Because \((1-B^{T}\Sigma _{1}^{-1}B)^{-1}\) is a constant (not a matrix), we define \(C=(1-B^{T}\Sigma _{1}^{-1}B)^{-1}\) and rewrite the Eq. 5 as:

$$\begin{array}{*{20}l} \left(\begin{array}{ll} \Sigma_{1} & B \\ B^{T} & 1 \end{array} \right)^{-1} &= \left(\begin{array}{ll} \Sigma_{1}^{-1}+\Sigma_{1}^{-1}BB^{T}\Sigma_{1}^{-1}*C & -\Sigma_{1}^{-1}B*C \\ -C*B^{T}\Sigma_{1}^{-1} & C \end{array} \right)\\ &=C \left(\begin{array}{ll} \frac{1}{C}\Sigma_{1}^{-1}+\Sigma_{1}^{-1}BB^{T}\Sigma_{1}^{-1} & -\Sigma_{1}^{-1}B \\ -B^{T}\Sigma_{1}^{-1} & 1 \end{array} \right) \end{array} $$

Then, the truncated statistic (4) is equivalent to:

$$\begin{array}{*{20}l} &(\boldsymbol{Z}_{1}^{T}, Z_{n+1}) \left(\begin{array}{ll} \Sigma_{1} & B \\ B^{T} & 1 \end{array} \right)^{-1} \left(\begin{array}{l} \boldsymbol{Z}_{1} \\ Z_{n+1} \end{array} \right)\\ =&C (\boldsymbol{Z}_{1}^{T}, Z_{n+1}) \left(\begin{array}{ll} \frac{1}{C}\Sigma_{1}^{-1}+\Sigma_{1}^{-1}BB^{T}\Sigma_{1}^{-1} & -\Sigma_{1}^{-1}B \\ -B^{T}\Sigma_{1}^{-1} & 1 \end{array} \right) \left(\begin{array}{l} \boldsymbol{Z}_{1} \\ Z_{n+1} \end{array} \right)\\ =& \boldsymbol{Z}_{1}^{T}\Sigma_{1}^{-1}\boldsymbol{Z}_{1}+C\Big[ (\boldsymbol{Z}_{1}^{T}\Sigma_{1}^{-1}B)^{2}-2Z_{n+1}\boldsymbol{Z}_{1}^{T}\Sigma_{1}^{-1}B+Z_{n+1}^{2} \Big]\\ =&\boldsymbol{Z}_{1}^{T}\Sigma_{1}^{-1}\boldsymbol{Z}_{1}+C\Big(\boldsymbol{Z}_{1}^{T}\Sigma_{1}^{-1}B-Z_{n+1}\Big)^{2} \end{array} $$

If we want to know whether the test statistic will increase or not when we add a new Z statistic, we only need to check whether the condition \(C=(1-B^{T}\Sigma _{1}^{-1}B)^{-1}\) is greater than zero or not.

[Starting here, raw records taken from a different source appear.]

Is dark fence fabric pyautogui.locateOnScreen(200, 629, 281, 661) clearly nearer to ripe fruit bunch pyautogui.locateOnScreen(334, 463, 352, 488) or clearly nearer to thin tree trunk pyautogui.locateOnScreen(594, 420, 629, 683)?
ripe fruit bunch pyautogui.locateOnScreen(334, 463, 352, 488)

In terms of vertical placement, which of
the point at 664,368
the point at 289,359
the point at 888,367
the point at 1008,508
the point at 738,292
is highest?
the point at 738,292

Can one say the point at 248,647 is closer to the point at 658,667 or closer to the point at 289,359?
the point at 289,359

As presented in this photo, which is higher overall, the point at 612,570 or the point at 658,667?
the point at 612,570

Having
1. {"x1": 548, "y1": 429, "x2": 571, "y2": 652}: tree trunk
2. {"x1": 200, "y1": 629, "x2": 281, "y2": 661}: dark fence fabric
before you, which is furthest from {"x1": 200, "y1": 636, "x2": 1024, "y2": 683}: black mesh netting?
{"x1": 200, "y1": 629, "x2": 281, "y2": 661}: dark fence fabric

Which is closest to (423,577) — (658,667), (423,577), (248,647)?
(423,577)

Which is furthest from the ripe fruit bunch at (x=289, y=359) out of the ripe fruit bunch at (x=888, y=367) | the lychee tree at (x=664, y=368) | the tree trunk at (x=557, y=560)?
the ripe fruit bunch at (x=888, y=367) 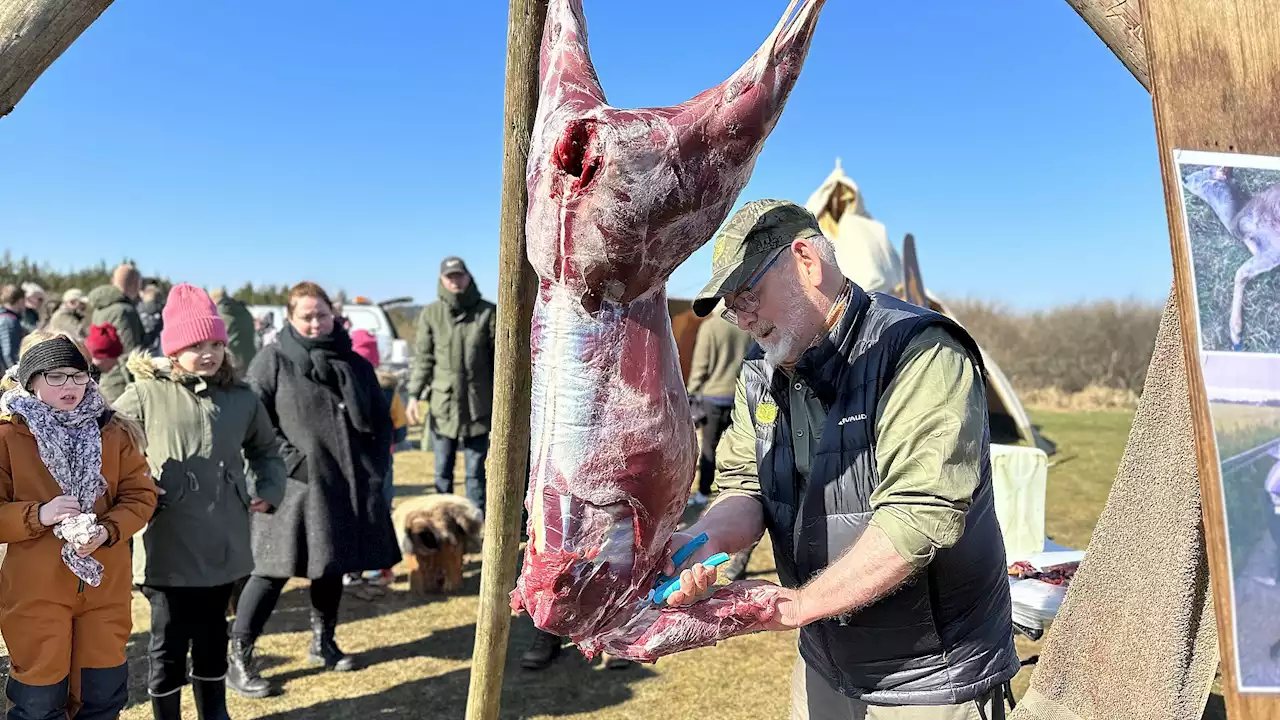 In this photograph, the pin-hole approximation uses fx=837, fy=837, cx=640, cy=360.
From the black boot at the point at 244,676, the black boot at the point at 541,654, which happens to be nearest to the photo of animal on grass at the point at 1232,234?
the black boot at the point at 541,654

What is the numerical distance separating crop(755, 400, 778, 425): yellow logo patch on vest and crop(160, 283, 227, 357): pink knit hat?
8.30ft

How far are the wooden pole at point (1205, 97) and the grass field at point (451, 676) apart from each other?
130 inches

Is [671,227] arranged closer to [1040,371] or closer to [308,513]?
[308,513]

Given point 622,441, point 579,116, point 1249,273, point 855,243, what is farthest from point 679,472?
point 855,243

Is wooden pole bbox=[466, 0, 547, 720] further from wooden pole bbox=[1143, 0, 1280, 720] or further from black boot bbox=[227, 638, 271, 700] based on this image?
black boot bbox=[227, 638, 271, 700]

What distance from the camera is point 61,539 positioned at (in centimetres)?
282

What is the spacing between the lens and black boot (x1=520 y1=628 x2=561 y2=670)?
4.57 meters

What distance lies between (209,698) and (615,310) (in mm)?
3185

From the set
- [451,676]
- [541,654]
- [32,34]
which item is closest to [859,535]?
[32,34]

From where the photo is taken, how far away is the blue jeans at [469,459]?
608 cm

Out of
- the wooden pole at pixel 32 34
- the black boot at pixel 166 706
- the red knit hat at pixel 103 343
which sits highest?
the wooden pole at pixel 32 34

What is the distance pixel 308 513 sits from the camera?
4.24 meters

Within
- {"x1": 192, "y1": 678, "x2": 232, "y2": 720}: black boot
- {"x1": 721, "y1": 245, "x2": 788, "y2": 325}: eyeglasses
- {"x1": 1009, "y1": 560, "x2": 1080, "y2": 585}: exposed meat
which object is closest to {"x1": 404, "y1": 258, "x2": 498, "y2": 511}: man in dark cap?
{"x1": 192, "y1": 678, "x2": 232, "y2": 720}: black boot

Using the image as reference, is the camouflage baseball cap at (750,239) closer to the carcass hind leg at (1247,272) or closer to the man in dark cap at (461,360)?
the carcass hind leg at (1247,272) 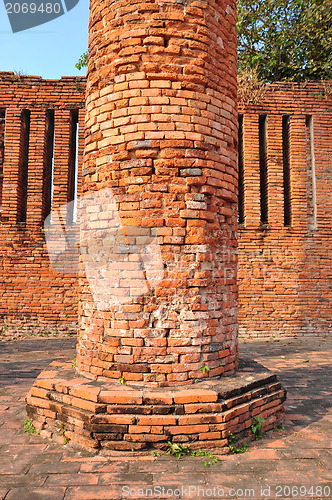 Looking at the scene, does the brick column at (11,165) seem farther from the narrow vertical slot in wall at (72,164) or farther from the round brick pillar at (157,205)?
the round brick pillar at (157,205)

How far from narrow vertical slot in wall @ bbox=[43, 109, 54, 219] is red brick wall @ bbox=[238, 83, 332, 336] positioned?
4962 mm

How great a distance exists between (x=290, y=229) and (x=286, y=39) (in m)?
6.75

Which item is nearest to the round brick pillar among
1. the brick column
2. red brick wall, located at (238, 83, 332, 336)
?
red brick wall, located at (238, 83, 332, 336)

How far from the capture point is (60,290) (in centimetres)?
814

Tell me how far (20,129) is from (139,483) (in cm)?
847

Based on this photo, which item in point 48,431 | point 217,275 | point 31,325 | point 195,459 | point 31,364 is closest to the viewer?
point 195,459

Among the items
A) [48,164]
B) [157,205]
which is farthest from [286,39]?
[157,205]

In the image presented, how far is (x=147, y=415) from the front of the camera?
254 cm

It means that when \(B^{T}\Sigma _{1}^{-1}B<1\), the truncated statistics will increase, and will not increase otherwise. For the special case, n=1, we always have \(B^{T}\Sigma _{1}^{-1}B<1\). It means the Z statistics contained in the truncated statistic will always be greater than 1. This is also in line with our thought, as we view our proposed method as a complementary approach to single trait single variant association tests. When these n+1 Z statistics are all independent, it means B=0. Thus, the truncated statistic degenerates to a summation of the square of these n+1 Z statistics, and our method becomes equivalent to the score test.